Wednesday, August 25, 2010
Salty Sams Marina, Fort Myers Beach
I presently find my boat tied up at Salty Sam's Marina just across the bridge from Fort Myers Beach. There are but a few boats tied up here and I've yet to see any hired help out and about checking the goings-on at the docks.
This marina is somewhat pricier than the City Marina up the river some fourteen miles and is not quite as nice. I'm thinking that perhaps I could have waited out the stormy weather forecasted for the next couple of days and slipped on out of here without anybody knowing any different. But no, I just had to trek up to the offices first thing this morning and report my arrival and be socked with some hefty daily dockage fees.
Nevertheless there are a few water front business establishments nearby catering to both hungry and thirsty passers-bys including me... so I find myself typing away while sipping on a cold one after having a bowl of so-called "black bean soup" at the "Big Game Bar & Grill".
I did my best to spice up the bean soup with some Tabasco sauce but all they had was a weak imitation of some off brand hot sauce... Which brings to mind the time the car engine in my fully depreciated yet still functioning car was overheating and I was hungry and I had to go pee real bad and I needed a tank full of gas.
This was after driving through the backwoods of Louisiana on my way back to Ennis and after smelling the foul odor of the oil spill. The same foul odor which Rep. Joe Barton would most assuredly claim had the sweet scent of huge corporate oil profits and campaign donations.
However my bladder could no longer hold out before reaching Beaumont so I pull into a service station with a Bar-B-Que diner offering a lunch special. I get a full tank of gas but not before relieving my bladder and later filling my gullet.
Getting my gullet filled was another matter though. Upon entering I couldn't help but note that this was not your generic independently owned service station... as in owned and operated by someone from India but rather a Black establishment not that it mattered to me. Well it's just me walking in with but another patron or two when I walk up to the cash register to place my order.
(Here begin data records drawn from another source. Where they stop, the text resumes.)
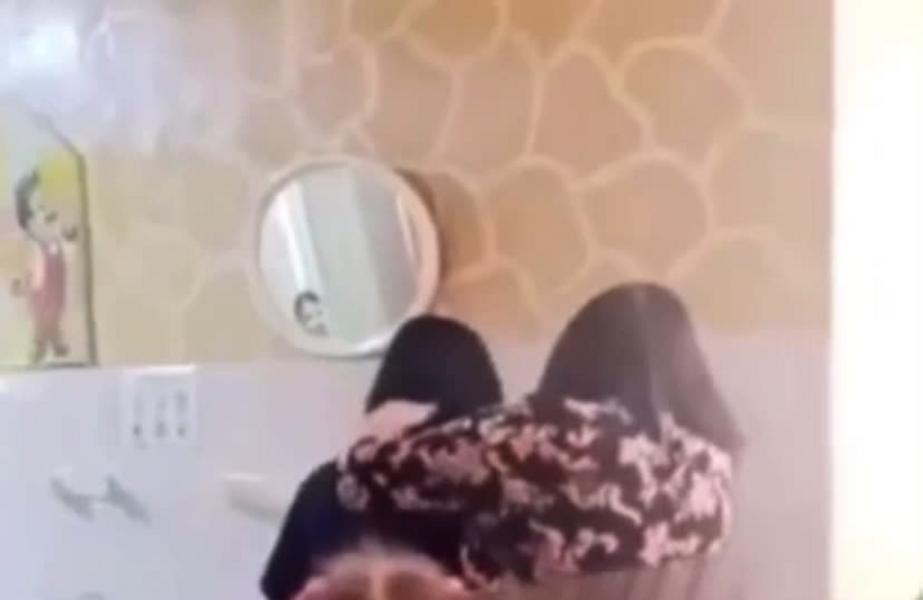 Насильно смывшая макияж со школьницы учительница объяснила свою агрессию последствиями вакцины от COVID-19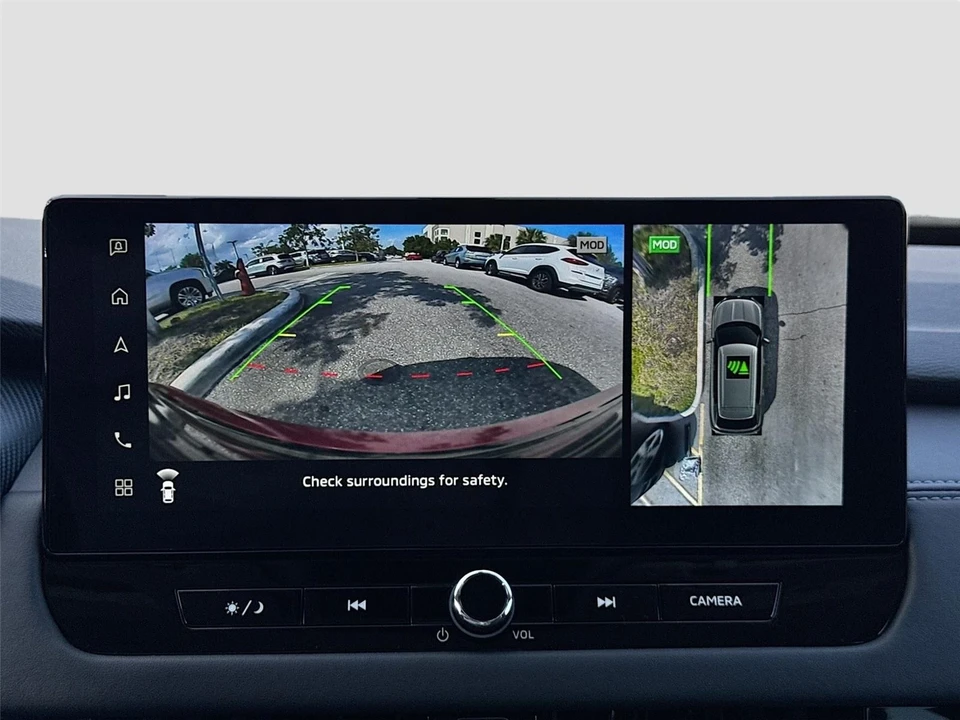 2025 Mitsubishi Outlander - Image 14 of 21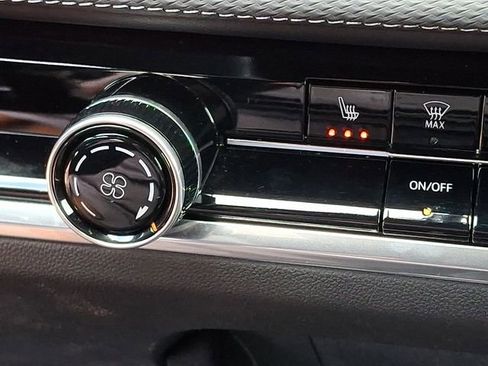 Used 2025 Chevrolet Equinox LT FWD image 17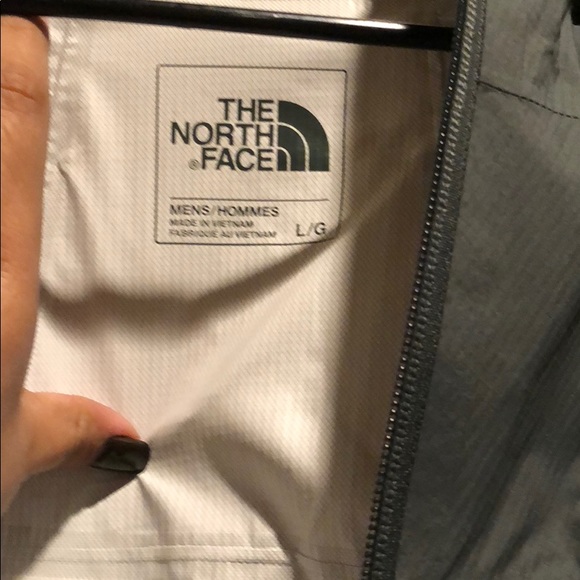 Brand new The North Face mens jacket - Picture 2 of 6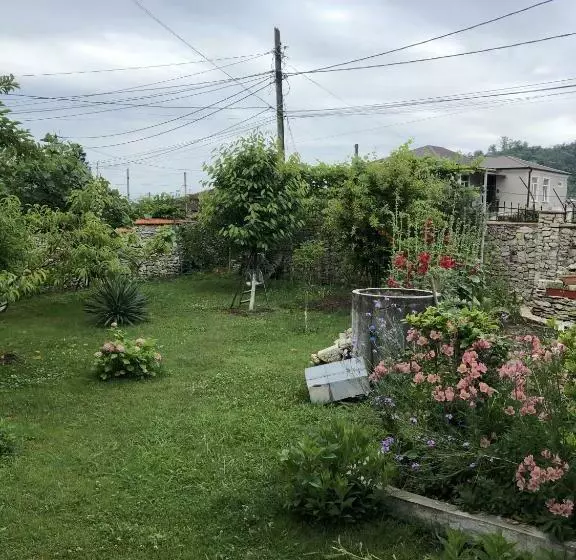پانسیون Apsua Home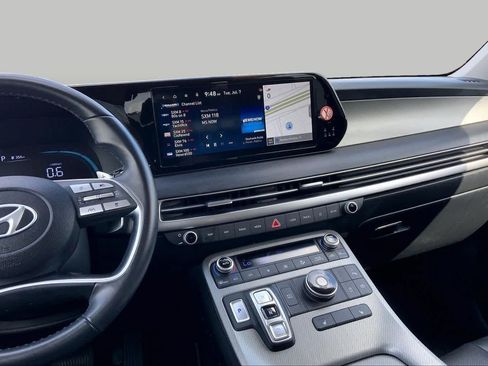 Used 2024 Hyundai Palisade SEL FWD image 7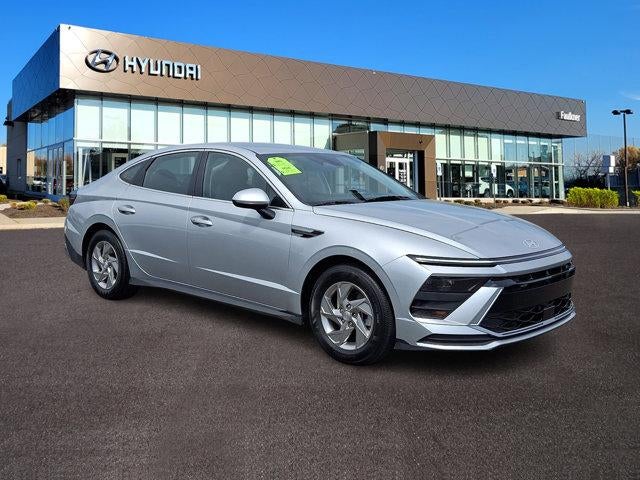 2025 Hyundai SONATA SE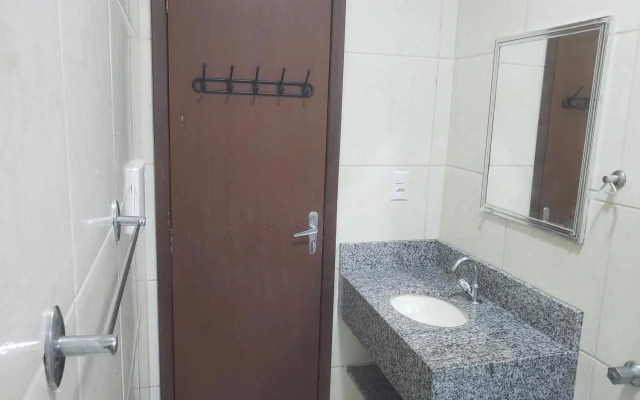 Apto 1 quarto, Centro de Bombinhas, 130 metros da praia.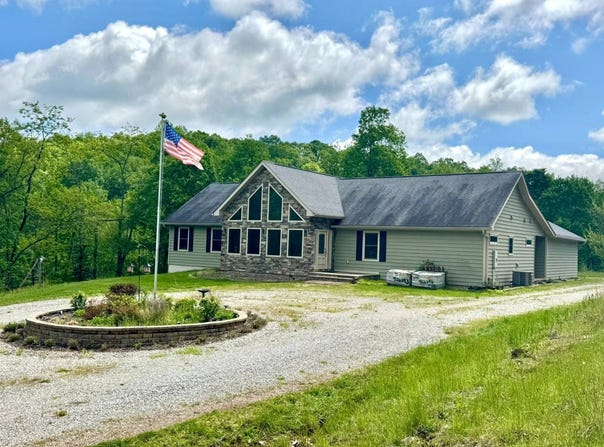 634  Triplett Road, Spencer, WV 25276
Behind the counter were two of the largest, fried-food fed sistas one can envision. Both studiously ignoring me with their arms crossed over their enormous bosoms and making up bullsh*t chatter to better justify ignoring me.
Well this did indeed bother me. I don't seem to recall walking in there wearing a ball cap with some moronic backwoods Confederate flag on it declaring to everyone within sight that I disliked all those without a pasty white complexion.
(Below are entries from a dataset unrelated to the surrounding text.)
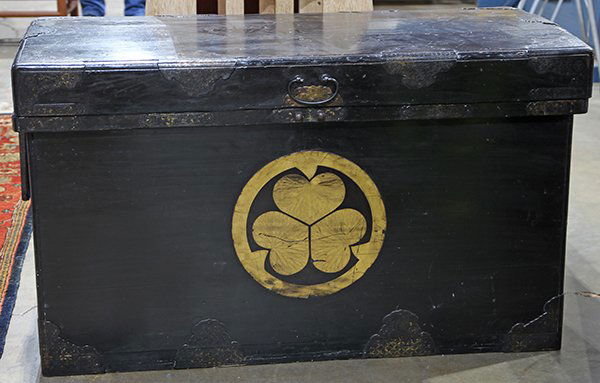 Japanese Black Lacquered Nagamochi Chest, Edo (1 of 6)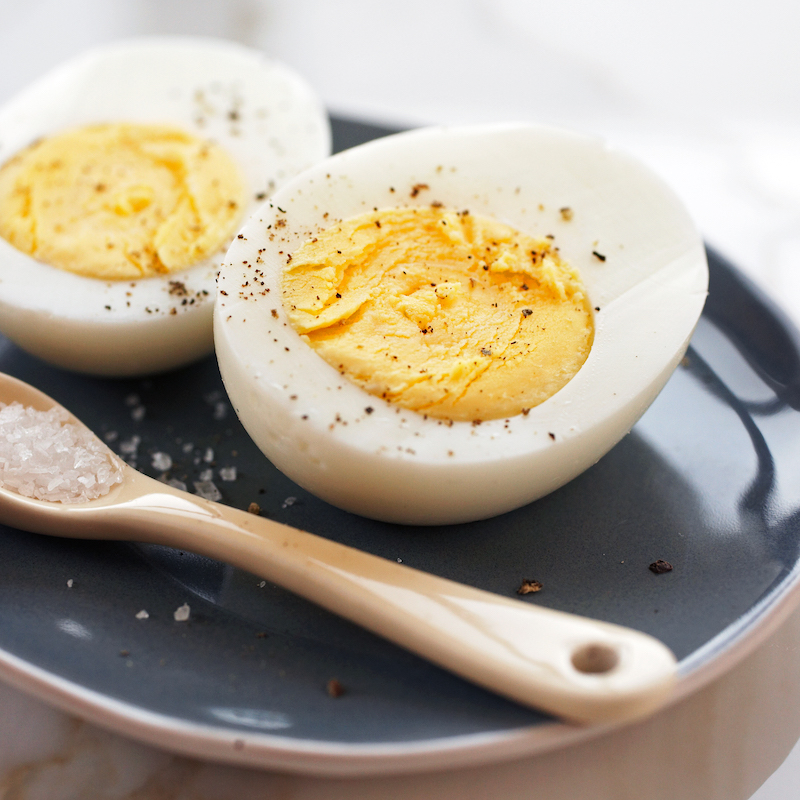 Hard Boiled Eggs, Regular, Buffalo, Red Beet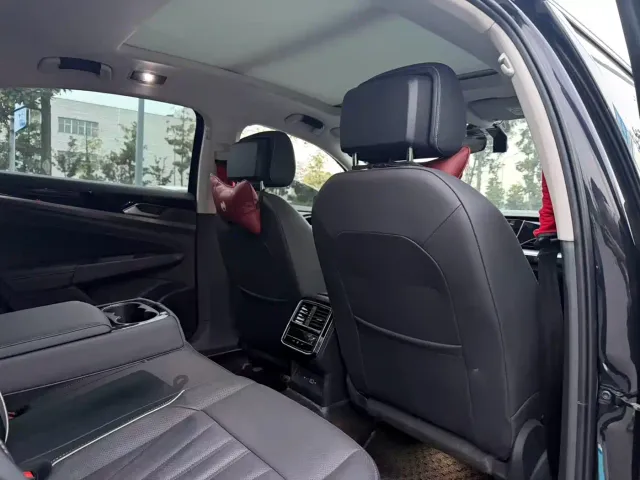 Volkswagen Passat — Фото автомобиля 7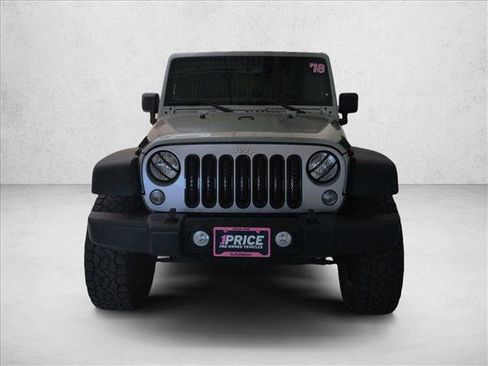 Used 2018 Jeep Wrangler Unlimited Sport S image 2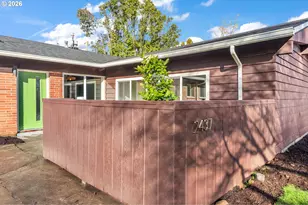 2437 NE 134th Pl, Portland, OR 97230 - Photo 38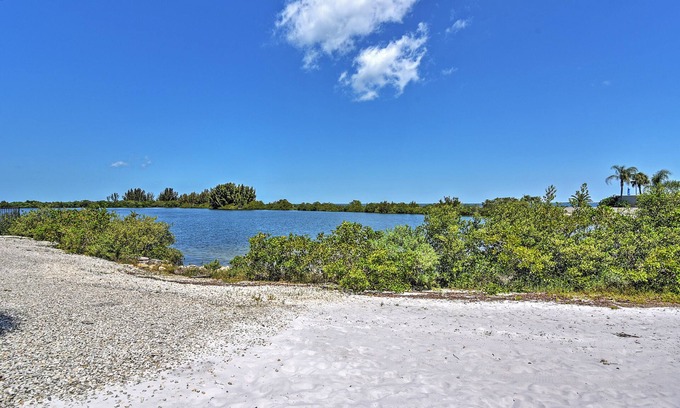 Hudson Condo | Hudson Resort Condo w/Private Beach & 2 Balconies!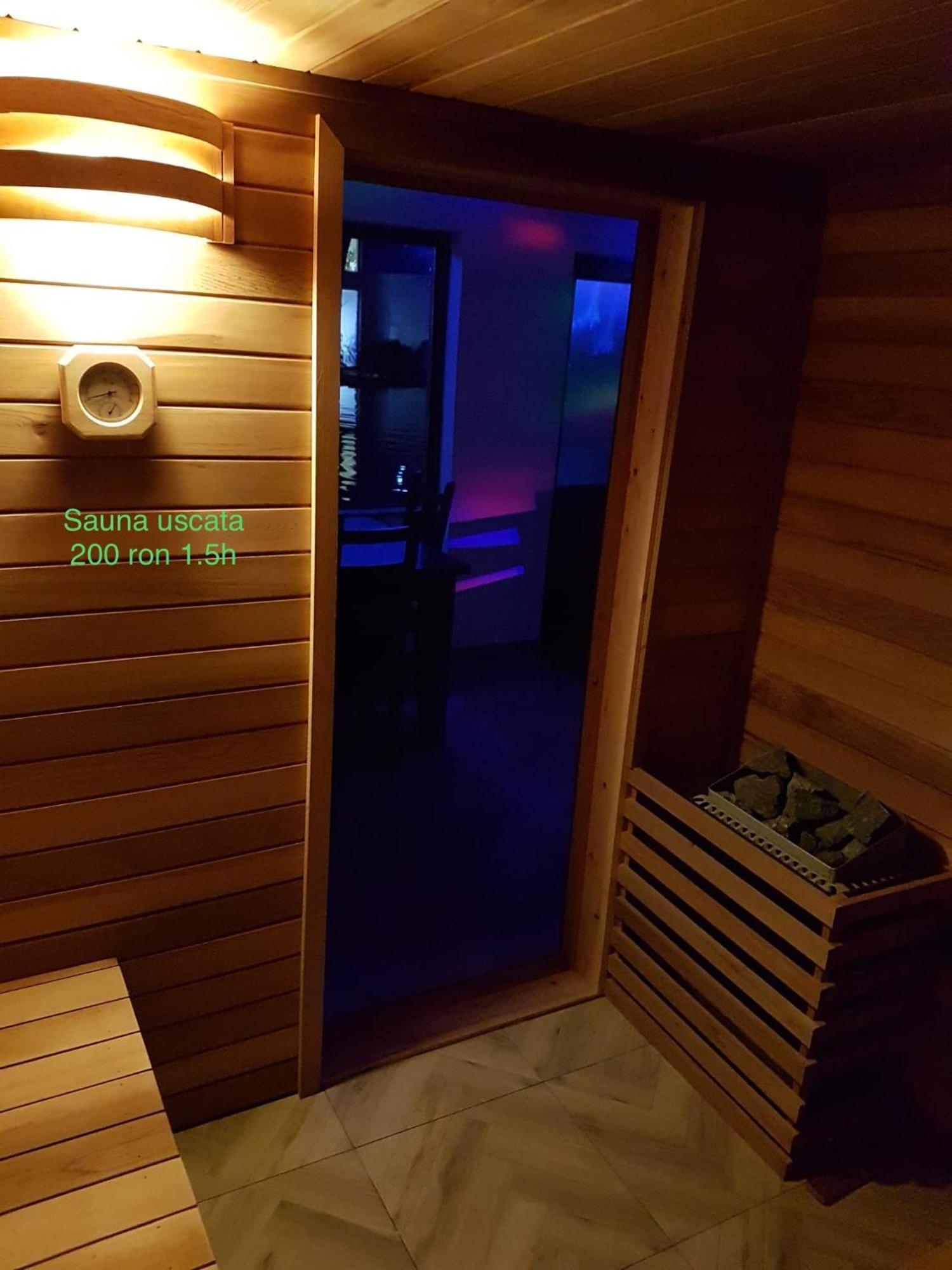 Rîşnov Cedar Crest 아파트 호텔 외부 사진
Didn't these sistas know that Barrack is my homey and that we are best buds? ... and that if I were to set sail for Havana and later participate in the annual International Chess Tournament held each November in memory of the late Cuban World Chess Champion Jose Raul Capablanca, that the US State Department would not mess with me?
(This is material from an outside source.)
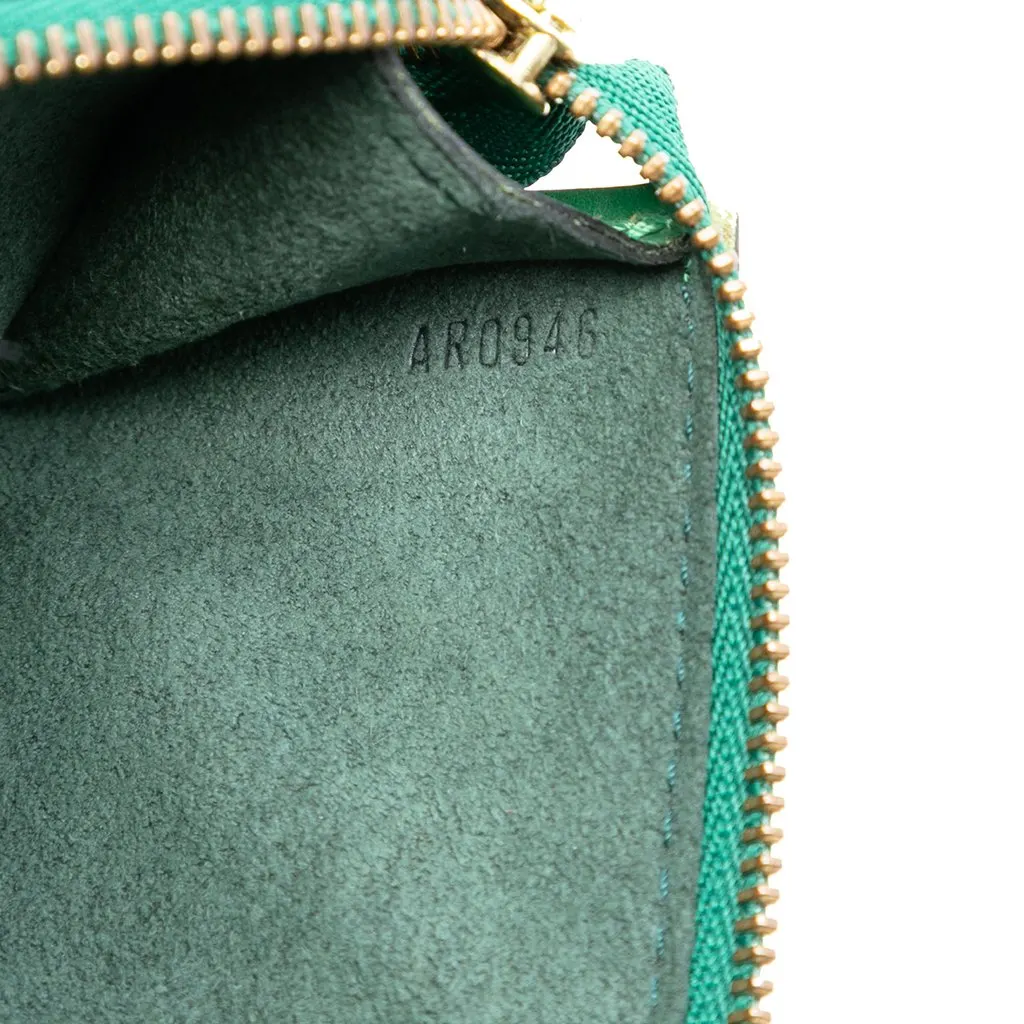 Louis Vuitton Epi Pochette Accessoires Green Leather Very good - Box View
I finally had to politely interrupt the idle chatter and overlook their abrupt and hostile demeanor directed towards me when placing my food order... which finally brings me back to the Tabasco sauce mentioned somewhat earlier. I purposely pilfered a large bottle of Tabasco sitting on my lunch table because I was pissed-off at the hostile attitude of the two lard-asses behind the counter.
Yeah... I swiped your big bottle of Avery Island's finest hot sauce and I enjoyed every drop of the stuff. I would even splash some over my cornflakes in the morning. Next time I'll pilfer two damned bottles of the stuff if I get anymore of the same attitude.
Not that anyone gives a "fricking fried okra", but my bar-b-que lunch plate along with the mashed potatoes and gravy, corn on the cob, collard greens and corned bread was incredibly good and at a very reasonable price.